Sous la menace des armes, les 15 casques bleus sont emmenés dans un minibus où se trouve le major. Ils sont conduits dans le camp Kigali tout proche occupé par plusieurs centaines de soldats rwandais et un observateur ONU de nationalité togolaise, Apedo Kodjo. Arrivés à 09H00, ils sont contraints de s'asseoir sur le sol. Ils sont rapidement l'objet de coups violents. Les casques bleus Belges sont présentés comme les auteurs de l'attentat par un major. A 09H06, le lieutenant Lotin parvient à joindre sa hiérarchie grâce au Motorola de l'observateur ONU. Il signale que ses hommes se font lyncher. C'est son dernier contact. Quatre casques bleus belges trouvent rapidement la mort. Les six autres et les cinq Ghanéens parviennent à se réfugier dans un petit local qui sera pris sous le feu des militaires rwandais. Un cinquième soldat belge est tué d'un coup de feu. Les Ghanéens sont contraints de quitter le local par la fenêtre. Les casques bleus belges opposent une résistance farouche mais finissent par succomber, entre midi et 14H00. Le dernier combattant trouve la mort après un jet de grenade par une ouverture pratiquée dans le toit. Selon le ministère public, qui s'appuie sur des témoins, comme les soldats ghanéens, le major qui a désarmé, emmené au camp Kigali et présenté les casques bleus belges comme les auteurs de l'attentat, est l'accusé, Bernard Ntuyahaga. Des experts, qui connaissaient les structures de l'armée rwandaise, estiment que le major Ntuyahaga a dû agir sur ordre et qu'il ne serait dès lors pas le commanditaire de l'assassinat.
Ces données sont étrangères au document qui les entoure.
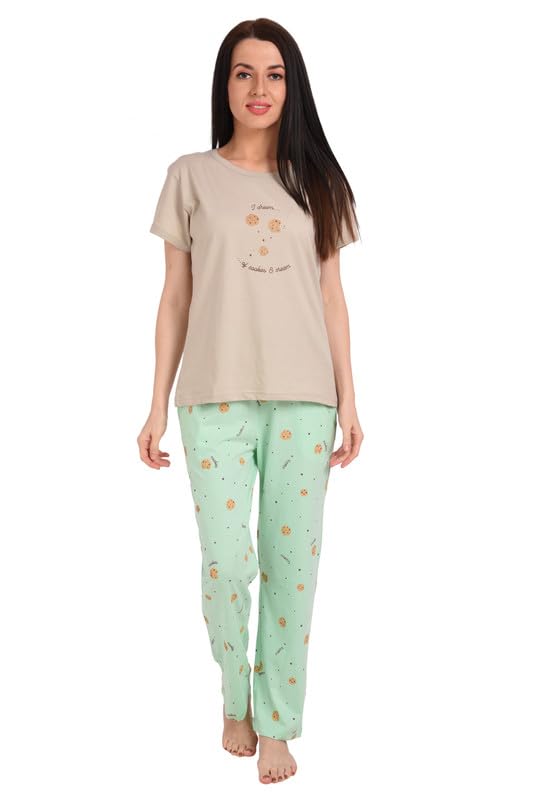 Image of Bedtime story Cotton Night Suit for Women Girls | Women's Cotton Printed Pant & Top Night Suit Set Pyjama Set Sleepwear Nightwear Nightdress Loungewear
Le Tribunal pénal international pour le Rwanda (TPIR), basé en Tanzanie, juge actuellement cinq personnes pour, entre autres crimes commis pendant le génocide, la mort des dix casques bleus belges. Bernard Ntuyahaga, contre qui un mandat d'arrêt international avait été lancé dès 1995, a toujours nié. Mais ses déclarations - par lettre, lors d'interrogatoires au TPIR où il s'était livré en 1998 et à Bruxelles - ont fluctué au fil du temps. Il en ressort globalement qu'il dit être passé par hasard avec son minibus devant la résidence de la Première ministre et qu'il y a été interpellé par les soldats belges. Il dit qu'ils lui ont fait un geste et lui ont demandé de les déposer à un bureau de la MINUAR car ils avaient un message urgent.